We meet at 72nd Street, at Do Space, “on the wrong side of the street,” Derek Babb jokes when he walks in.
To Derek, this is the wrong side of 72nd Street because it is the west side of 72nd Street. It’s the wrong side because Derek hates to travel west of here.
“That first year, we lived in an apartment in Papillion, and I was kinda ‘meh’ on Omaha as a place,” he tells me as soon as we sit down. “Then, 13 years ago, we moved to the Aksarben area, and I realized what we were missing.”
He stops and smiles.
“We were missing a neighborhood.”
A fascinating part of Omaha identity is the reality that many east Omahans all but refuse to go west, and many west Omahans all but refuse to go east.
Some, particularly those from east Omaha, tend to wear their rare crossing of 72nd as a badge — a proud rejection of the suburban life and all it entails.
Some, particularly those from the western end of the metro area, tend to view their rare crossing of 72nd as a practicality — they stay west to avoid hassle.
Whether intentional or not, these rare crossers of 72nd are telling us something about what they value. I think they are telling us something important about the Omaha — or Omahas — in which we live.
“It’s like being a vegan,” Derek says of the east-west divide. “You make your stand. But you can’t make people think like you do.”
If five years as a World-Herald columnist has taught me anything, it’s that you indeed cannot make people think like you do. But you can try to understand others, which is why I recently sent out social media messages asking east and west Omahans who rarely travel to the other side of town to explain why.

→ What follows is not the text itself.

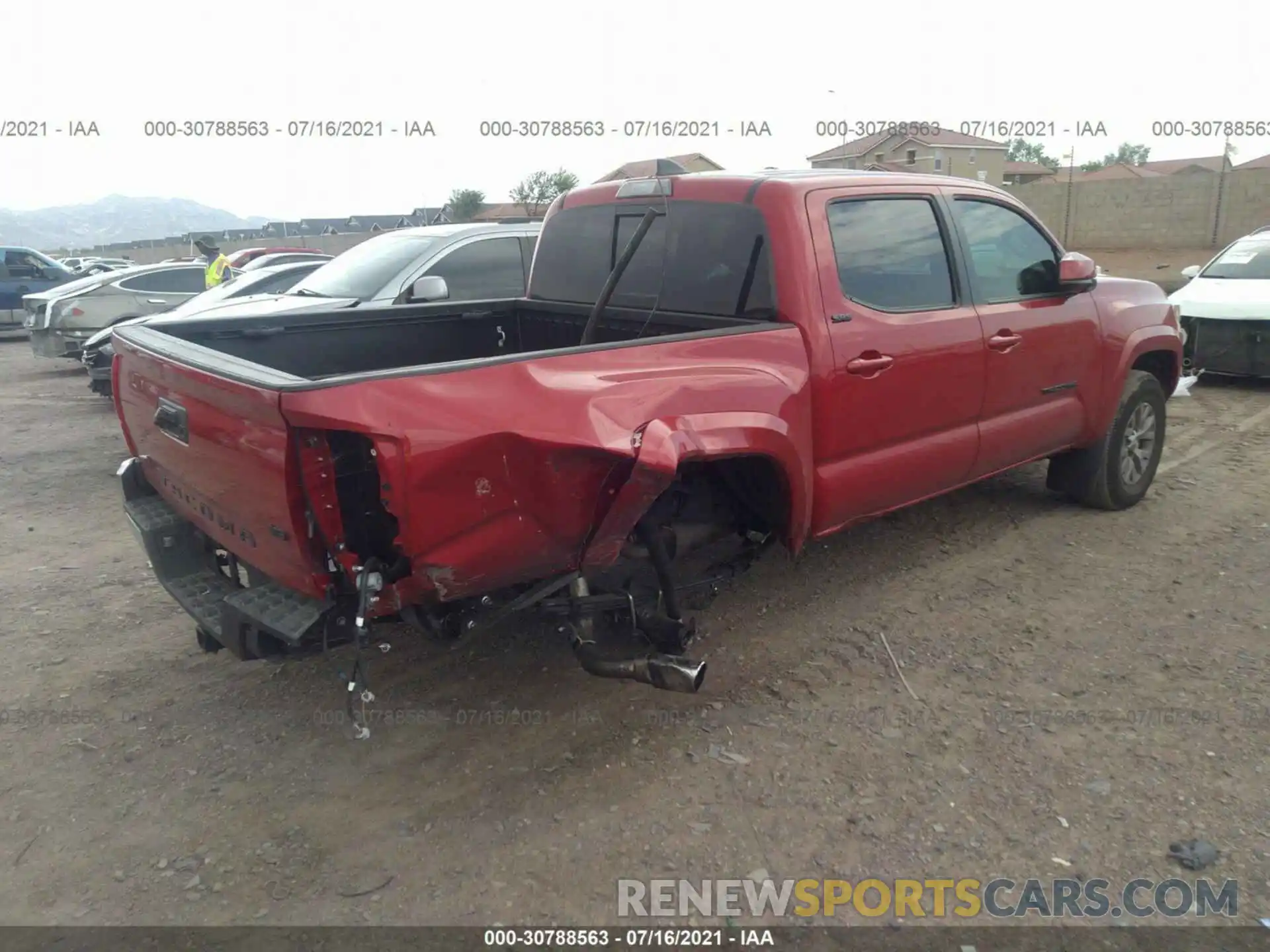 4 Photograph of a damaged car 3TMAZ5CN7KM109943 TOYOTA TACOMA 2WD 2019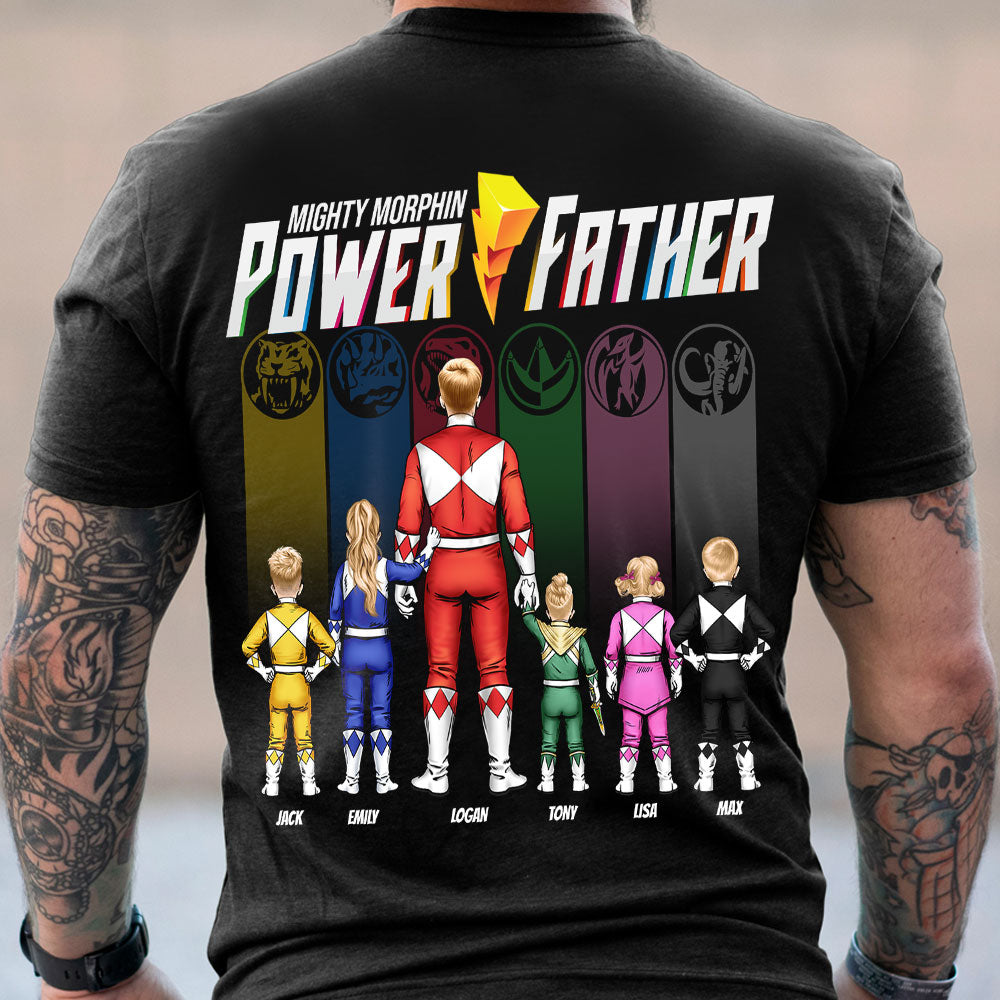 Mighty Morphin Power Father, Personalized Shirt, Gift For Family, 05huti050623hh - GRER2005 - Shirts - GoDuckee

The flood of responses, as well as the interesting difference between east and west Omahans’ response, blew my ginger hair back a little.
The nearly two dozen west Omahans I heard from, almost all of whom said they travel east of 72nd Street once a month or less, continually framed their choice to stay in west Omaha as a matter of convenience.
They gave me reasons to live in west Omaha, reasons like affordable housing and good schools and roomy garages and spacious backyards. Which was interesting to me, because I hadn’t asked why they lived in west Omaha. I had asked: Why do you live in west Omaha and stay there almost exclusively?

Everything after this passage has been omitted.